The present study has some strengths. First, posterior circulation brain infarction was further sub-classified into posterior cerebral artery brain infarction and VBABI, allowing a better refinement of the risk conferred by diabetes on the risk of ischaemic stroke. Secondly, diffusion-weighted MRI was used to determine the exact infarction sites, which may reflect the infarction sites more accurately, detect early cerebral infarction and asymptomatic cerebral infarction, and also could exclude patients without acute cerebral infarction. Finally, the sample size was relatively large, which may improve the reliability of the results.

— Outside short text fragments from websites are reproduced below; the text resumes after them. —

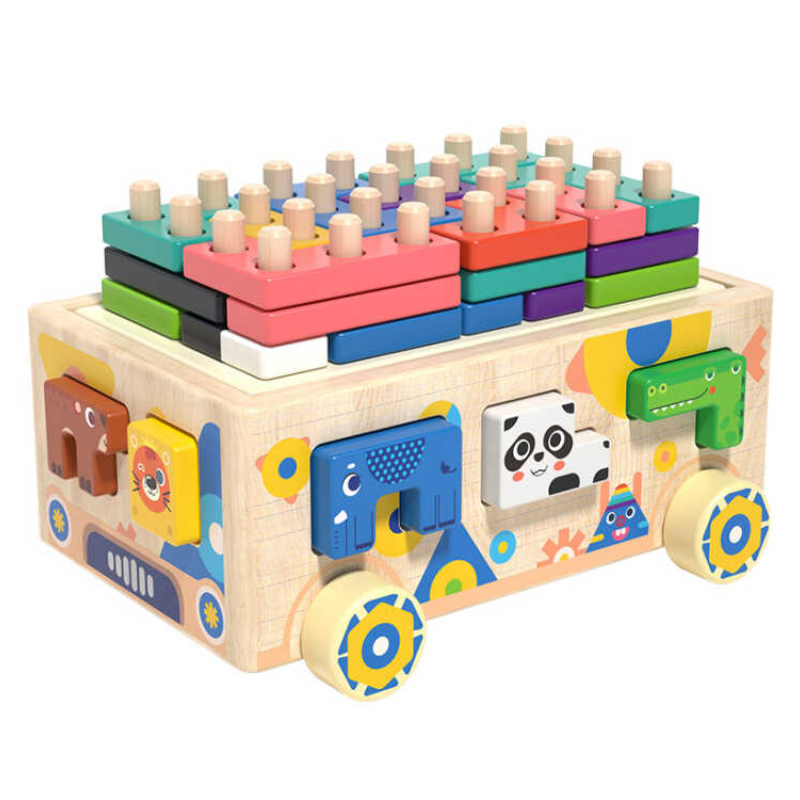 Каталка C 71011 (24) дерев’яна, 21.6х16.3х9 см, сортер, логічна гра, в коробці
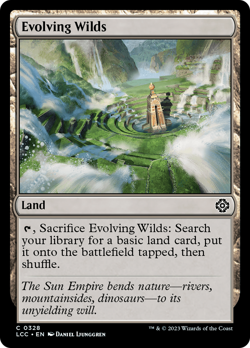 Evolving Wilds #328 | Near Mint | The Lost Caverns of Ixalan Commander Magic MTG - Image 1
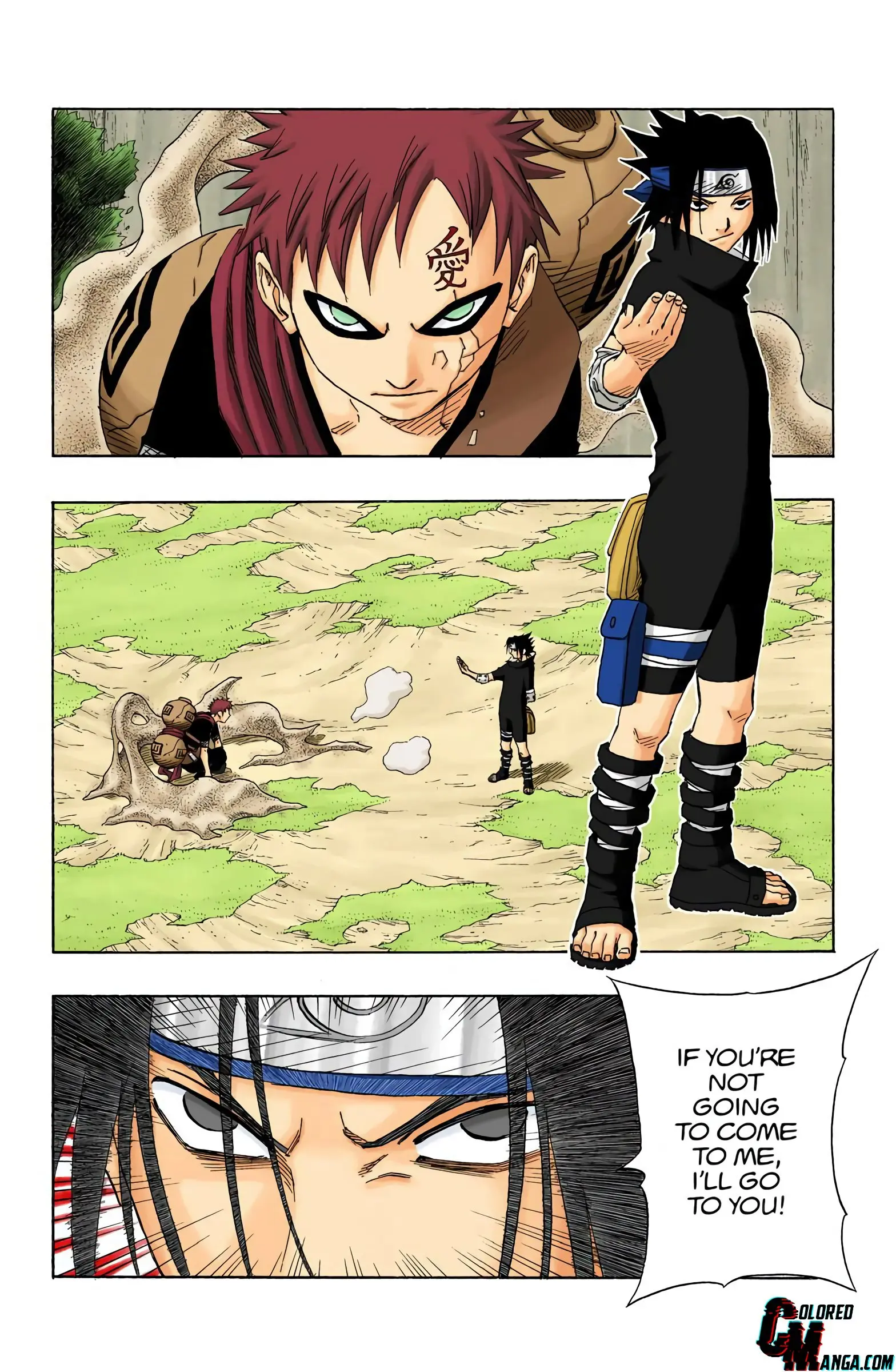 Naruto Colored Manga Online, chapter 112, page 2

The results of the present study are limited by the following: First, the retrospective nature of the study limits the interpretability of the data; Secondly, diffusion-weighted MRI was an inclusion criteria, which may result in selection bias because not all patients presenting with acute ischaemic stroke undergo diffusion-weighted MRI; Thirdly, patency of the communicating arteries was assessed by the MRA TOF method, which cannot reveal blood flow direction, nor can it discriminate between patency and hypoplasticity of the artery; Finally, no causal relationship could be determined because of the retrospective nature of the study.

In conclusion, patients with diabetes may be more prone to suffer from ischaemic stroke of the posterior circulation. Patency of the circle of Willis may be higher in patients with diabetes than in patients without diabetes.